Under pressure back home to cut rates, Reserve Bank of India (RBI) Governor Raghuram Rajan on Friday said global economies witnessing sustainable growth need to raise rates although not in a “one go, big bang” manner and that market volatility concerns should not come in the way of central bank decisions.
While Rajan did not name the US or the Federal Reserve, his comments before a grouping of global central bankers and the international business community come against the backdrop of the widespread speculation about an imminent rate hike by the US central bank.
He also said the concerns about market volatility should not come in way of the decision of the central banks.
Back in India, Rajan is under intense pressure from the government and the industry to further lower the rates, although he has already announced three cuts of 25 basis points each so far in 2015. RBI's next monetary policy review is scheduled on September 29. However, two of his cuts so far this year have been outside the scheduled reviews.
“We risk, as central banks, being trapped in a prisoner’s dilemma: Nobody wants to be the first to leave this extremely accommodative situation.
“We prolong a period of extreme monetary accommodation, but without the volatility that eventually has to emerge,” Rajan said here at a meeting of B20 on the sidelines of the G20 Meeting of Finance Ministers and Central Bank Governors.
Rajan, who was scheduled to attend a session on global economy here along with other central bankers and finance ministers from G20 nations, said the economies returning to a sustainable growth path need to begin unwinding their unprecedented monetary policies, which they had resorted to after the financial crisis of 2007-08.
“It is time to plan exits from the extremely accommodative monetary policies we have, and the longer we persist more the economic cost.
“Economies that seem to be reaching takeoff stage should use the opportunity when volatility is relatively low, and actually start moving back to normalcy,” Rajan said without naming the US Federal Reserve.
“Concerns about the eventual normalisation of global monetary policies are already creating an overhang on economic growth, and depressing investment and business activity as investors chase returns and try to avoid risk.
“Interest-rate policies alone can’t help establish healthy economic growth in the world,” he added. Rajan said he is not suggesting a hike in rates globally “in one go or in one big bang” but market volatility shouldn't be a factor in deterring central banks in countries registering solid economic growth.

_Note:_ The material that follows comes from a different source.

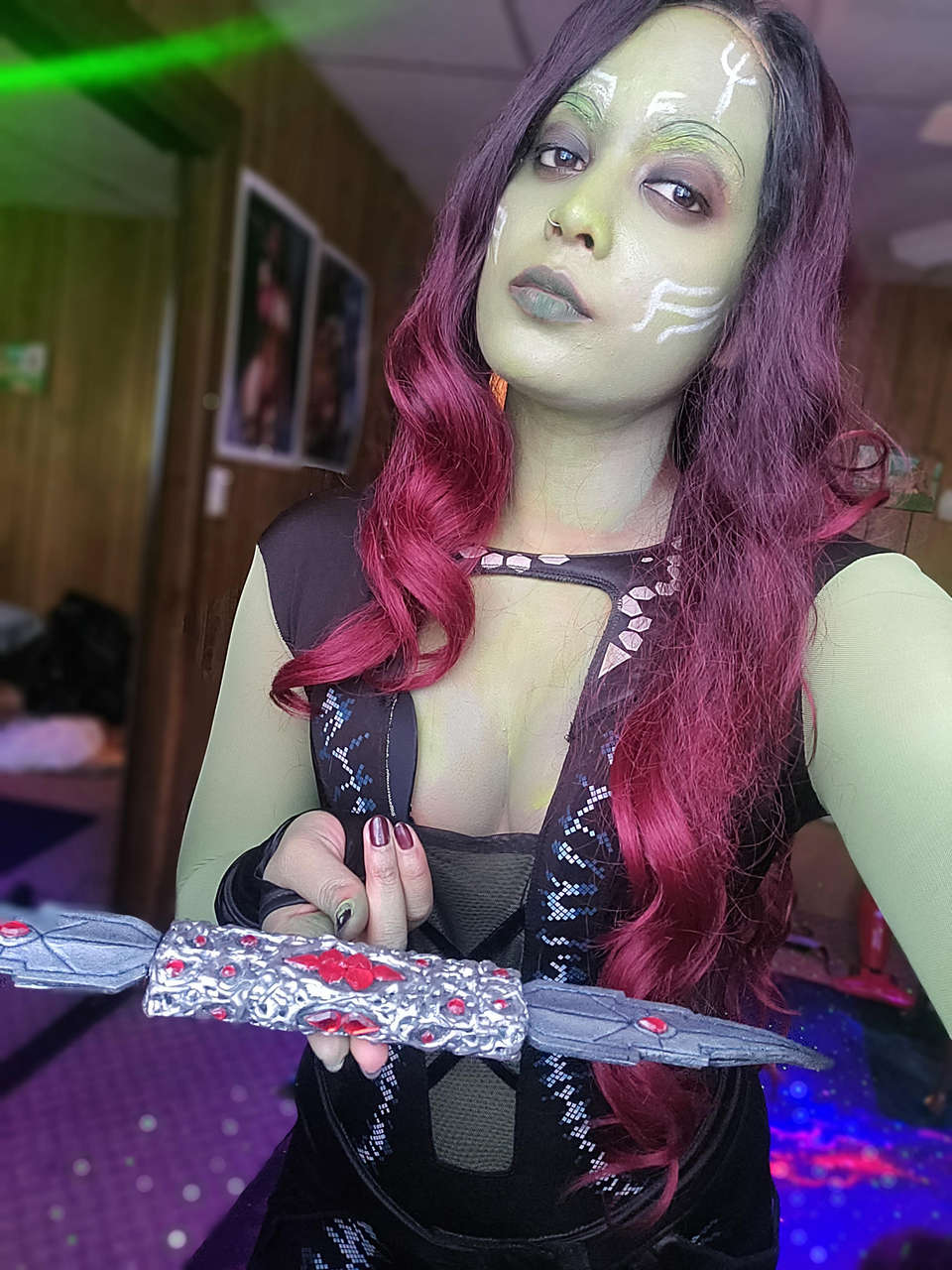 Gamora Cosplay With Foam Prop Made Out Of Popsicle Stick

Referring to uncertainties about a rate hike in the US, he said return to monetary policy normalcy would address the concerns over volatility in the future. He also warned that the central banks globally might have engendered excessive fragility in the system.
Amid concerns in India and other global markets about uncertainty over a rate hike in the US, Rajan on Friday sought to play down fears saying markets should not be scared of volatility as it would be transient in nature.
He also said finance “is only a lubricant to growth” and it would be the overall economic policies of the countries that would determine their basic growth momentum.
Addressing the plenary session of the B20 meet, an informal grouping of business leaders from G20 countries, Rajan referred to issues facing the global economy and said the problems include people saving more and spending less, low productivity and low investments. But the solution is that “we should not be scared of volatility”, he said.
The B20 grouping engages with the G20 governments on behalf of the international business community and has organised its own meeting here on the sidelines of the G20 minister-level meetings.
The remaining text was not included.